Decades later, a descendent of that same family, Diane Baum St. Clair, donated a portion of her family’s land in Nags Head Woods to The Nature Conservancy, which owns and manages 1,200 acres of the preserve, and she sold the rest of the huge tract at a reduced price to the town of Kill Devil Hills, where the town built its municipal buildings. A dazzling character, who in her lifetime, worked as a model, a ferryboat operator, a psychologist, and a realtor, St. Clair died in March 2003 at 94 years old.
But in that quiet cemetery where St. Clair’s ancestors are buried, those that came before her are lost to eternity, barely remembered except for some letters carved in marble slabs. A determined few still come to visit the remote location, mostly in the winter when the weather has cooled and the trail is less covered. Otherwise time seems to have forgotten Jesse and Penelope Baum’s little cemetery. It does not appear to be tended, yet it is well preserved in its serene setting.

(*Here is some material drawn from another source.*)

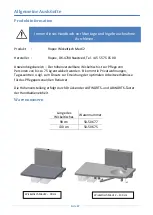 Preview for 47 page of Ropox Medi 2 User Manual, Mounting Instructions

Not far from the graveyard is a live oak with a girth that would make a redwood proud. Stout branches on other nearby live oaks reach far into the forest, bringing out repressed yearnings to climb a tree. Nearby, thick overgrown vines inspire visions of Tarzan swinging through the forest.
“It is kind of romantic, in a Heathcliff-y kind of way,” says Cola Vaughn, a real estate broker and history buff from Nags Head as he escorts a small group to the cemetery one late afternoon.
Back on the dirt road, one of the two Tillett family cemeteries in Nags Head Woods can be seen off to the right behind a wire fence. Although there are some faded silk flowers in vases, distant relatives have clearly not been looking after the graves. It’s no wonder — Dolly Tillett, who was born April 10, 1776, died on August 20, 1829 so it would be hard to find fault in faded memories.
Such is the case with many cemeteries on the Outer Banks. Along with the tidy, manicured cemeteries and family plots, there are some that have been neglected for decades, with headstones barely visible among overgrown weeds and decaying tree limbs. Some have headstones that have been tossed awry by storm-driven tides and winds, with no one available to right the indignity. Others are bordered by eroding shorelines that are undermined by constant wave action. In the worst cases, caskets have floated to the surface or even been strewn about and destroyed during storms.
Yet the Outer Banks, colonized for more than four centuries, has many cemeteries that are revered as places of beauty and spirituality, where the living can visit to honor their ancestors or just stroll around to marvel at the mystery of life and death.
Whether it’s a lovingly tended family graveyard, a well-maintained community cemetery, or a neglected bygone of the past, what all burial grounds on the Outer Banks share is history — of an individual, of a family, of a place.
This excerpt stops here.